TASK DESCRIPTION:
Among the lines below, restate word for word only those from the line with "Summer Traditional Chinese" through the line with "Twelve Constellation Ring", with both end lines kept.

*** Opening of RECORD EXCERPTS ***

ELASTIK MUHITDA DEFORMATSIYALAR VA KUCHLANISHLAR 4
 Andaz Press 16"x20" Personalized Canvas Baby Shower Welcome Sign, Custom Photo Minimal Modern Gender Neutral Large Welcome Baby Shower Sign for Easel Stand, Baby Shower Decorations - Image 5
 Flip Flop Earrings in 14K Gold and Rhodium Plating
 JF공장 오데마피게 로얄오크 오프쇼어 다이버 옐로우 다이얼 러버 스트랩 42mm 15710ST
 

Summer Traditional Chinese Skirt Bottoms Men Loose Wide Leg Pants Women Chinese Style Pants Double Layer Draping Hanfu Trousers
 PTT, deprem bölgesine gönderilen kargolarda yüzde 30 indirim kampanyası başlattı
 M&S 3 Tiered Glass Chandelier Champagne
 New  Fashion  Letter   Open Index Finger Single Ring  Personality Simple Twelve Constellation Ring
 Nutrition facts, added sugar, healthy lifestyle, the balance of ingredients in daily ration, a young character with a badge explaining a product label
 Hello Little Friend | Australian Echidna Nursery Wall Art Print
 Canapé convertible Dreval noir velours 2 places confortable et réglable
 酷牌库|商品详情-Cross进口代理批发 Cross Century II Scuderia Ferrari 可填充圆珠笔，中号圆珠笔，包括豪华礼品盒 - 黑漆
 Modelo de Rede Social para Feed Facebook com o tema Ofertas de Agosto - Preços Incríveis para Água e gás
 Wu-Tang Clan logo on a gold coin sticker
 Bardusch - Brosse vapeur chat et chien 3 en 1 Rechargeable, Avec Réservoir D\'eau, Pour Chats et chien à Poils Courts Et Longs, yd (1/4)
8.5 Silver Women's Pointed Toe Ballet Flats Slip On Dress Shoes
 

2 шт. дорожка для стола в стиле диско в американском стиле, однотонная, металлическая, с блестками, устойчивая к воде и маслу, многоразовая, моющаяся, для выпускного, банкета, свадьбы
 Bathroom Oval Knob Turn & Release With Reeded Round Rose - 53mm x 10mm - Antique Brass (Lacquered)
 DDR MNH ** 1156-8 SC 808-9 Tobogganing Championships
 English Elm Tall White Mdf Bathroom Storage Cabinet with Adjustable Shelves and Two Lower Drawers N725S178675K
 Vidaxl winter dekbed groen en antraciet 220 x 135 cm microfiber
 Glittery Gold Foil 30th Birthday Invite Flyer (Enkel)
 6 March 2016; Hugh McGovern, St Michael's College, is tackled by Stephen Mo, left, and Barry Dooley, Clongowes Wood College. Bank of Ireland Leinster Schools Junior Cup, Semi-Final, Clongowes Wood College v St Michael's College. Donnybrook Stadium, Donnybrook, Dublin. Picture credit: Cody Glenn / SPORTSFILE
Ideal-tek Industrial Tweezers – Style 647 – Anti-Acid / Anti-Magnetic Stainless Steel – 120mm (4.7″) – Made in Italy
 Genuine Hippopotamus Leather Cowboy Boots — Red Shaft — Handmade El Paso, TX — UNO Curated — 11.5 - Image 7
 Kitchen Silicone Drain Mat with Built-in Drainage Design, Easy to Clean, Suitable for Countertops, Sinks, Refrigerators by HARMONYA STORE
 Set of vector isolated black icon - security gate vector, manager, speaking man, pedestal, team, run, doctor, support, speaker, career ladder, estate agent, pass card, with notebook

*** Close of RECORD EXCERPTS ***

OUTPUT OF THE EXERCISE:
Summer Traditional Chinese Skirt Bottoms Men Loose Wide Leg Pants Women Chinese Style Pants Double Layer Draping Hanfu Trousers
 PTT, deprem bölgesine gönderilen kargolarda yüzde 30 indirim kampanyası başlattı
 M&S 3 Tiered Glass Chandelier Champagne
 New  Fashion  Letter   Open Index Finger Single Ring  Personality Simple Twelve Constellation Ring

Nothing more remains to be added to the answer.